WHAT THE TASK ASKS:
Repeat only the lines below that run from the line with "Pretty simple, right?" to the line with "If you see a", ends included; skip every picture.

[Stored items]
————
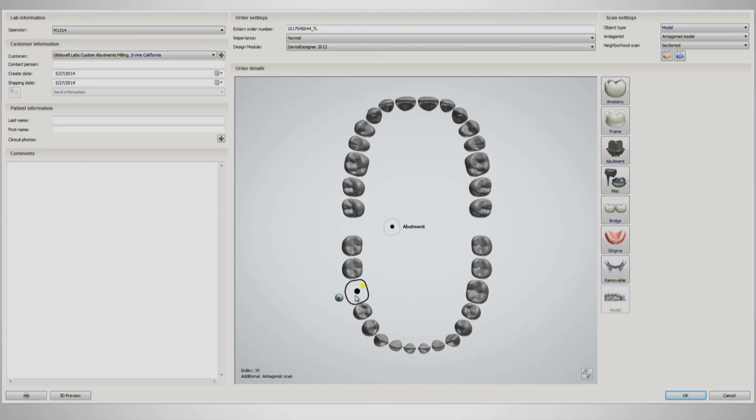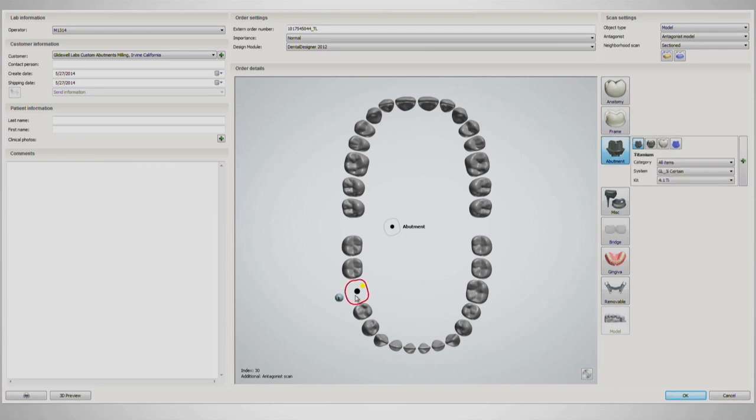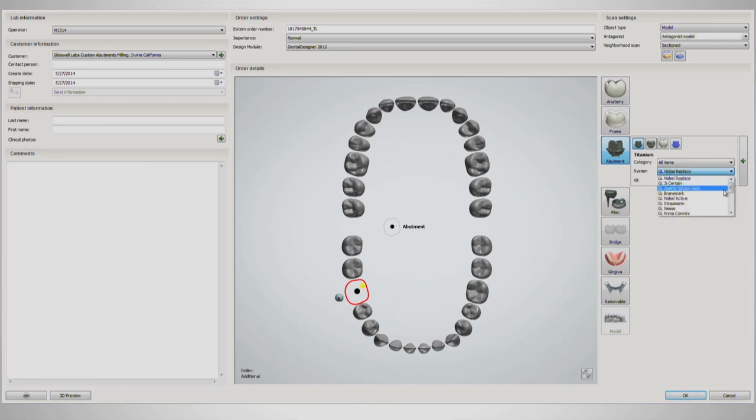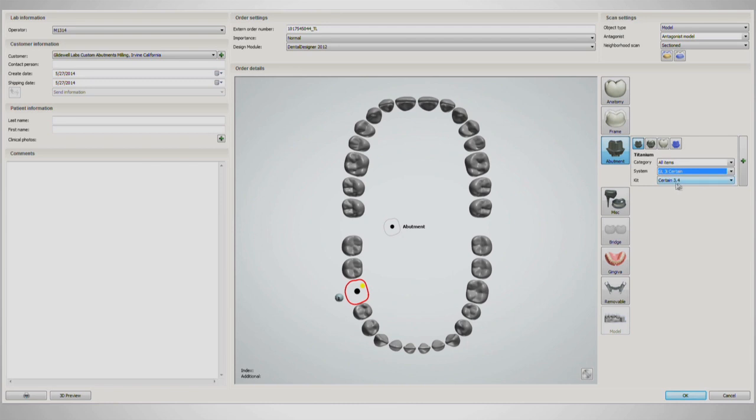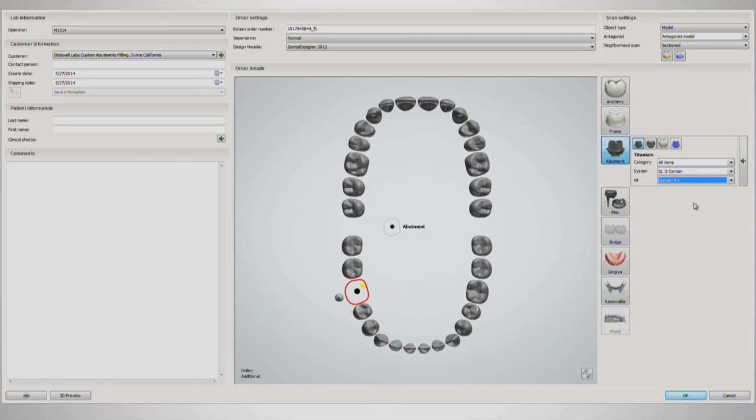The case is shown for a titanium abutment on tooth number 30. When the restoration is left-clicked, the abutment options can be seen on the right side. Material, implant system used, and diameter. Be sure to select the correct information based on the compatibility of the implant and the restoration. For this case, we'll be using the Titanium Biomet 3i 4.1mm.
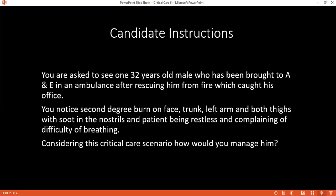First, I will look for the airway, any patterns present or not. As there is soot in the nostril, it may be an airway burn. So I will give early intubation to prevent airway edema. Then I will look for breathing.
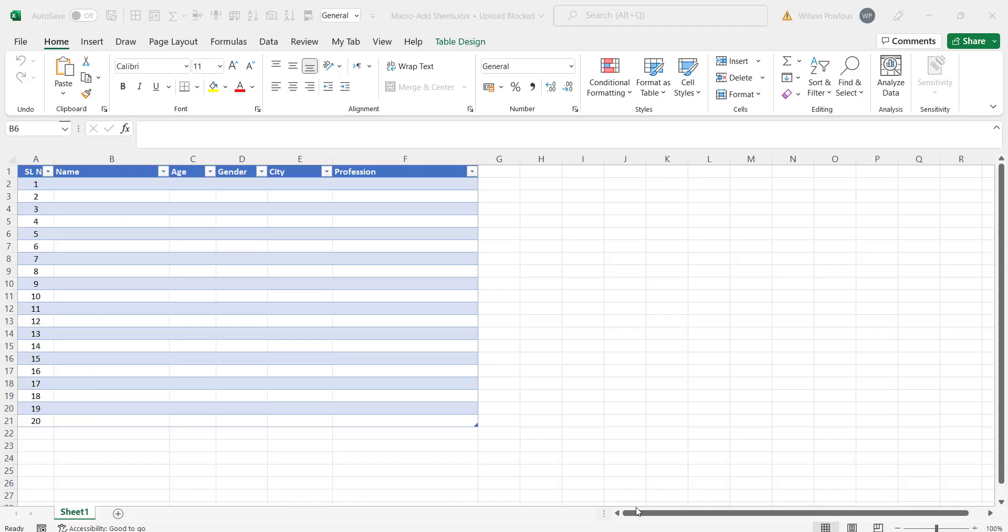Hello and welcome to the new video in Excel. In this video we are going to see how you can add many new sheets using the macro.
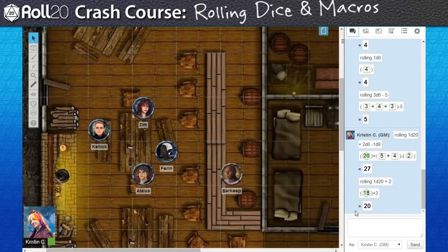Pretty simple, right? Well, sort of. In order to create a macro for everyone to use, it has to be flexible to utilize everyone's unique initiative modifier. We basically need to create a variable that stores the modifier for each individual character for the macro to be remotely useful.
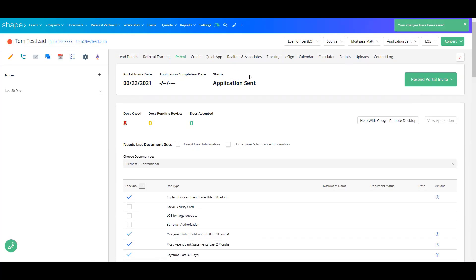You'll notice that this will reload, and the status will change to Application Sent, and the document count will also change right here.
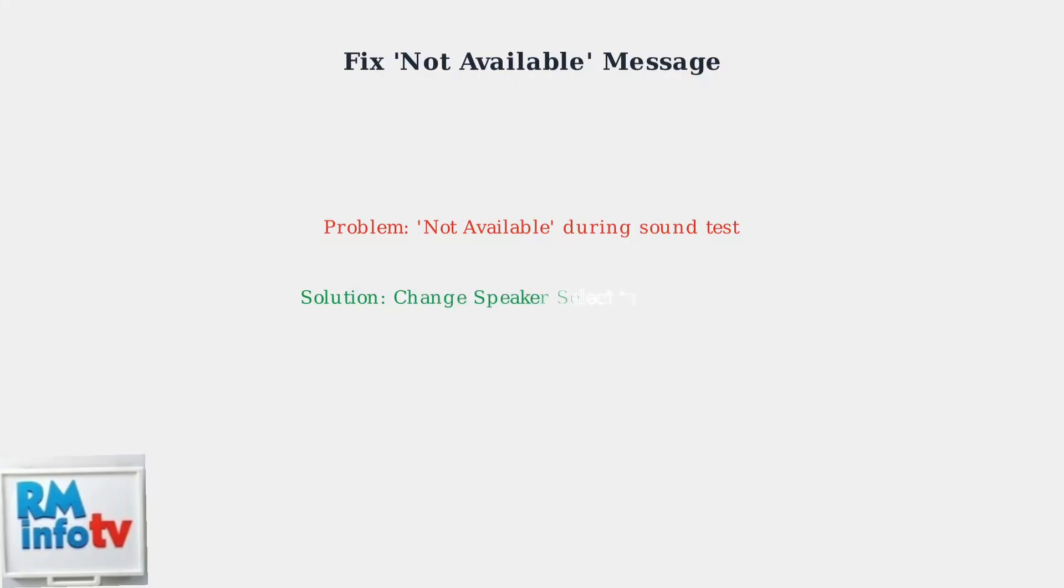If you see a not available message during the sound test, check the speaker select option in the sound menu and ensure it's set to TV speaker.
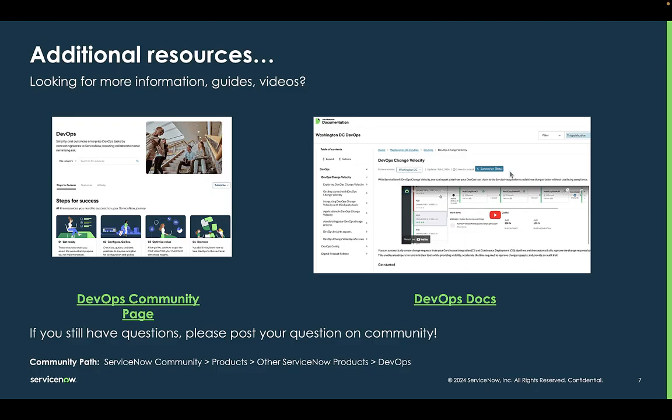So that covers an overview of the DevOps application. For additional videos, additional guidance, and other information, please have a look at the DevOps page on our community site and also have a look at our docs page on the ServiceNow docs site covering the DevOps products.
————
COMPLETED EXERCISE:
Pretty simple, right? Well, sort of. In order to create a macro for everyone to use, it has to be flexible to utilize everyone's unique initiative modifier. We basically need to create a variable that stores the modifier for each individual character for the macro to be remotely useful.
You'll notice that this will reload, and the status will change to Application Sent, and the document count will also change right here.
If you see a not available message during the sound test, check the speaker select option in the sound menu and ensure it's set to TV speaker.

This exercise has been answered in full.